America invaded Afghanistan as an act of revenge for the attack on the World Trade Center in Manhattan on 9 September 2001. The Americans assumed that Osama Bin Laden was responsible for the attack. The Afghans refused to surrender the suspect to them. So they invaded Afghanistan. Is that what the Guardian thinks is an “understandable” reason for invading a foreign country? Do you invade a sovereign state because its government is sheltering a suspect on whom you want to get your hands? Is that the legal procedure for conducting international relations? The Guardian goes on to say that the war was “unavoidable”. It was not. The diplomatic route could have been pursued. As G. K Chesterton said in another context, it was not tried and found wanting. It was found wanting and not tried. The fact is that the American Government, humiliated by the attack in Manhattan, was hell-bent on exacting vengeance. What did the Afghan people matter to them?

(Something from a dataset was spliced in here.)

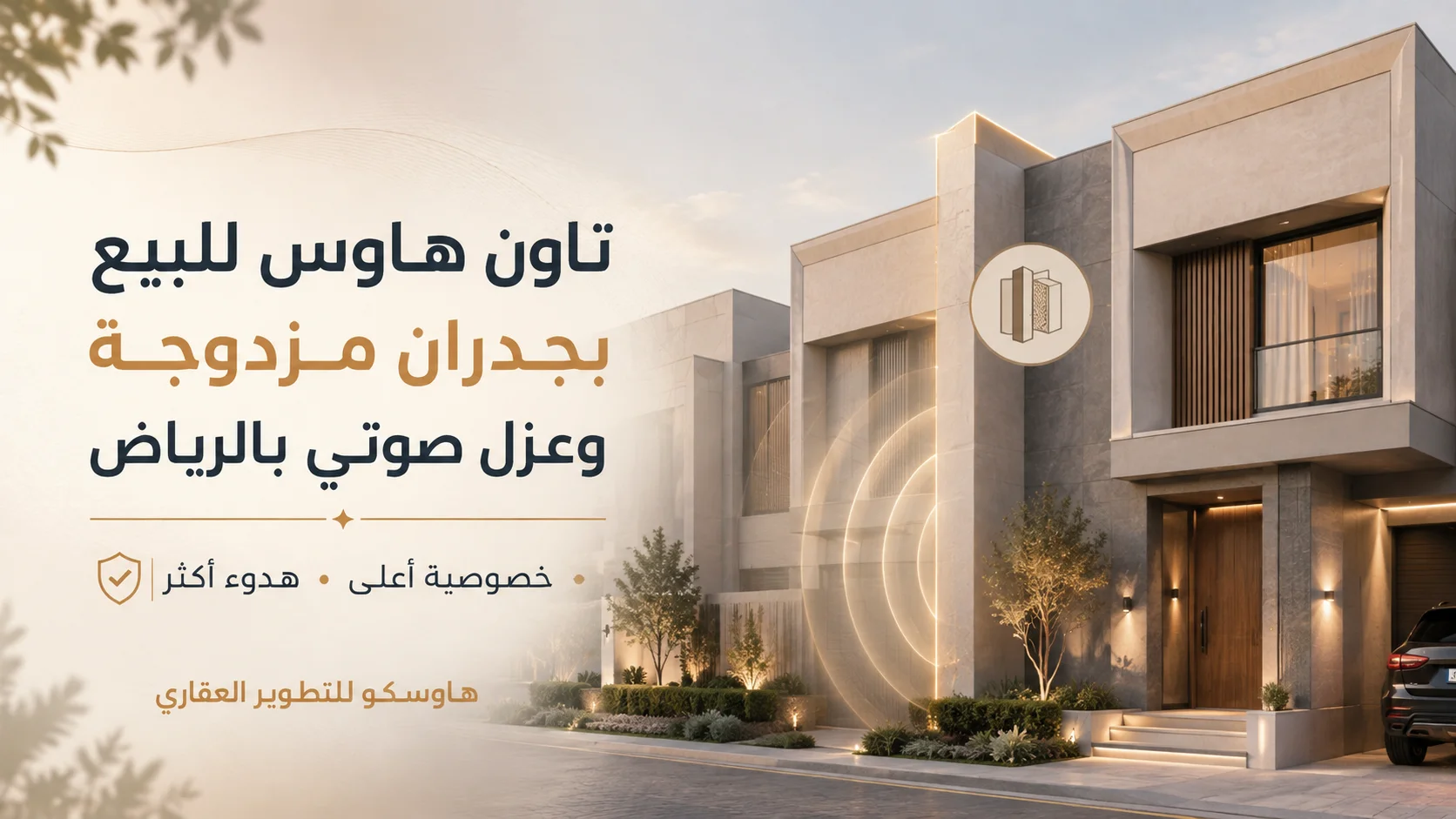 تاون هاوس للبيع بجدران مزدوجة وعزل صوتي بالرياض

Britain invaded for a different reason. By an amazing coincidence, Britain’s foreign policy always coincides exactly with that of the United States. If the US goes in, so do the Brits. It’s called the Special Relationship. And never in recent history was the Special Relationship stronger than it was when Anthony Blair was Prime Minister of Great Britain and the invasion of Afghanistan took place.
One might have thought that Britain’s messy prosecution of three wars in Afghanistan in the 19th and 20th centuries would have given it pause for thought. Not a bit of it. Not least, doubtless, because of a culpable ignorance of that history on the part of the current generation of political philistines.

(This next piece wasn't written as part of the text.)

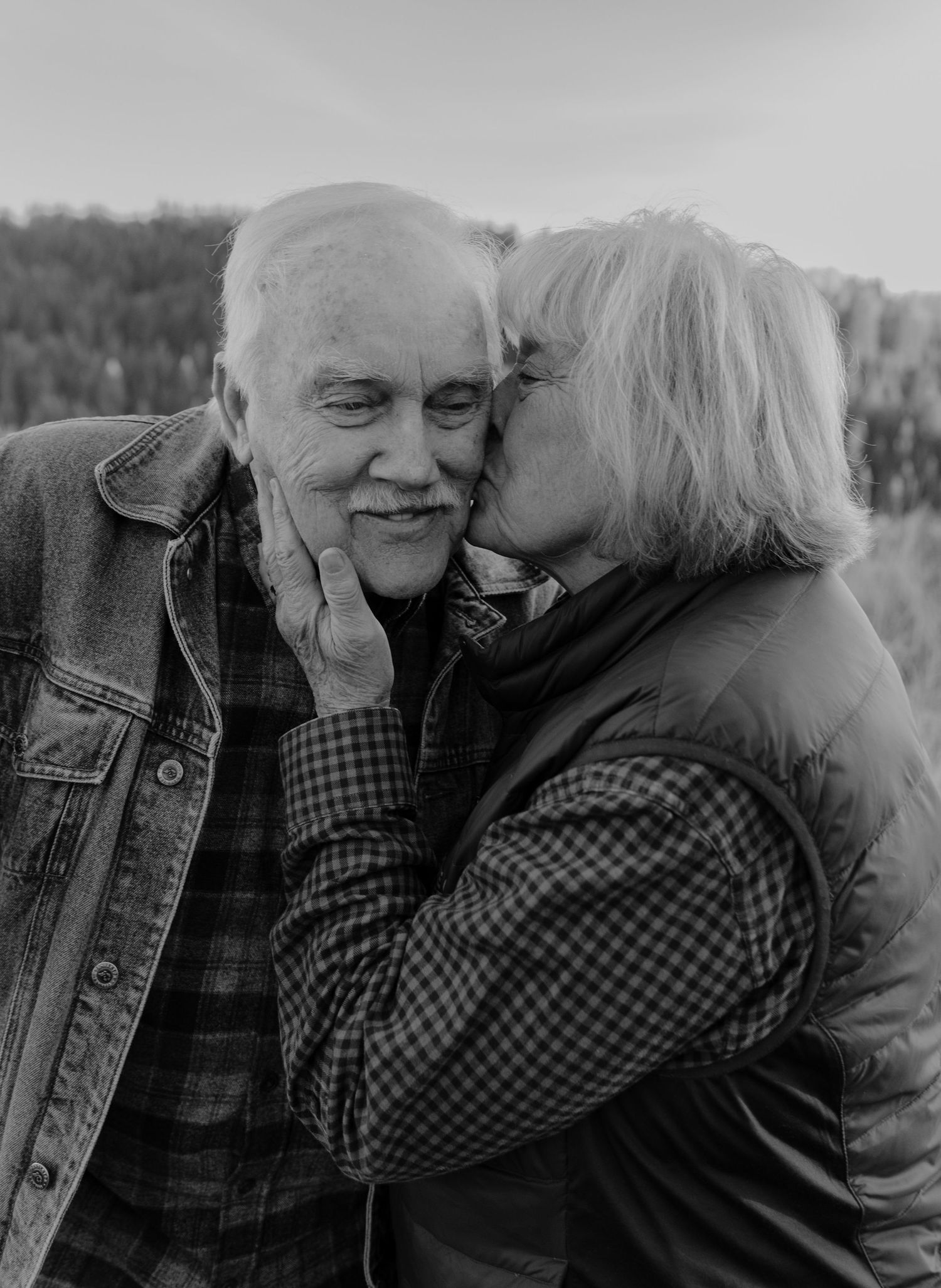 Photo of elderly couple taken near Ashton, Idaho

And as to waging a short war, what about the lessons of Vietnam? Wiser counsels urged caution at the time of the invasion, but the warnings brushed aside, the hotheads rushed in. The result was Vietnam II – the checkmating of the world’s most technologically advanced army by scattered bands of turbaned rebels armed only with knives and Kalashnikovs. They will never learn, will they? Plus ça change, plus c’est la même chose.